§ Problem to solve: Set down each line from the line holding "this 990×557 image." to the last line of the entries below, exactly, with both ends included and without pictures.

[Opening Provided data section]

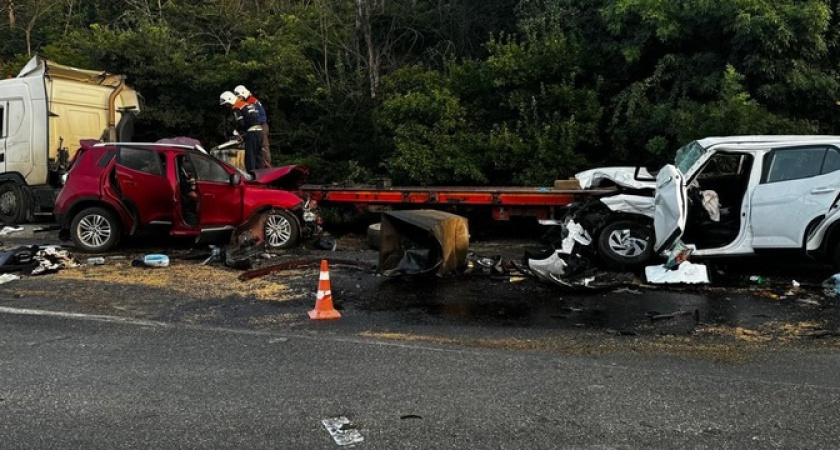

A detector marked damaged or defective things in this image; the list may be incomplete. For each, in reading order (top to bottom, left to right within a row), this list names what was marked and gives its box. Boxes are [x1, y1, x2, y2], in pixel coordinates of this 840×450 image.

broken windshield [672, 141, 704, 174]
wrecked red car [53, 141, 322, 251]
crumpled hood [254, 164, 314, 189]
crumpled hood [576, 167, 656, 192]
wrecked white car [564, 135, 840, 268]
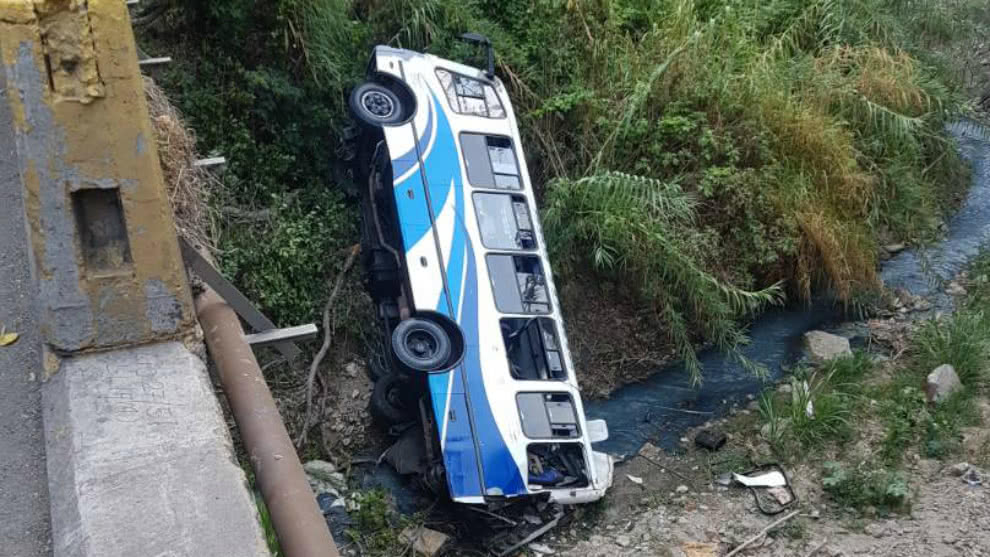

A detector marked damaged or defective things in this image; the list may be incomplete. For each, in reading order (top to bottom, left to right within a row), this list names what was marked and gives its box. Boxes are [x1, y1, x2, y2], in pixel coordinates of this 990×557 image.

rusty metal pipe [194, 286, 340, 556]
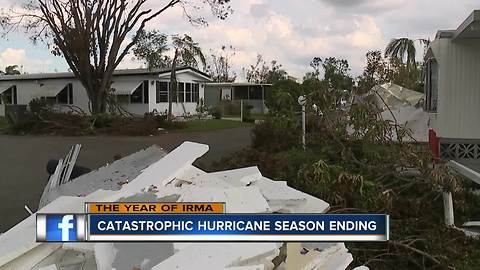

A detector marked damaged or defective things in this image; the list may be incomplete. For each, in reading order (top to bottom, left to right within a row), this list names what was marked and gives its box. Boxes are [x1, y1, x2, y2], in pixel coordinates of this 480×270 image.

[Closing Provided data section]

§ Answer section:
A detector marked damaged or defective things in this image; the list may be incomplete. For each, in reading order (top to bottom, left to right within a row), this list names what was marked and gives its box. Boxes are [x1, y1, x2, y2], in pixel coordinates of this 990×557 image.

rusty metal pipe [194, 286, 340, 556]

A detector marked damaged or defective things in this image; the list may be incomplete. For each, in reading order (top to bottom, left to right within a row), this list names what was marked and gives its box. Boxes are [x1, y1, x2, y2], in pixel coordinates of this 480×270 image.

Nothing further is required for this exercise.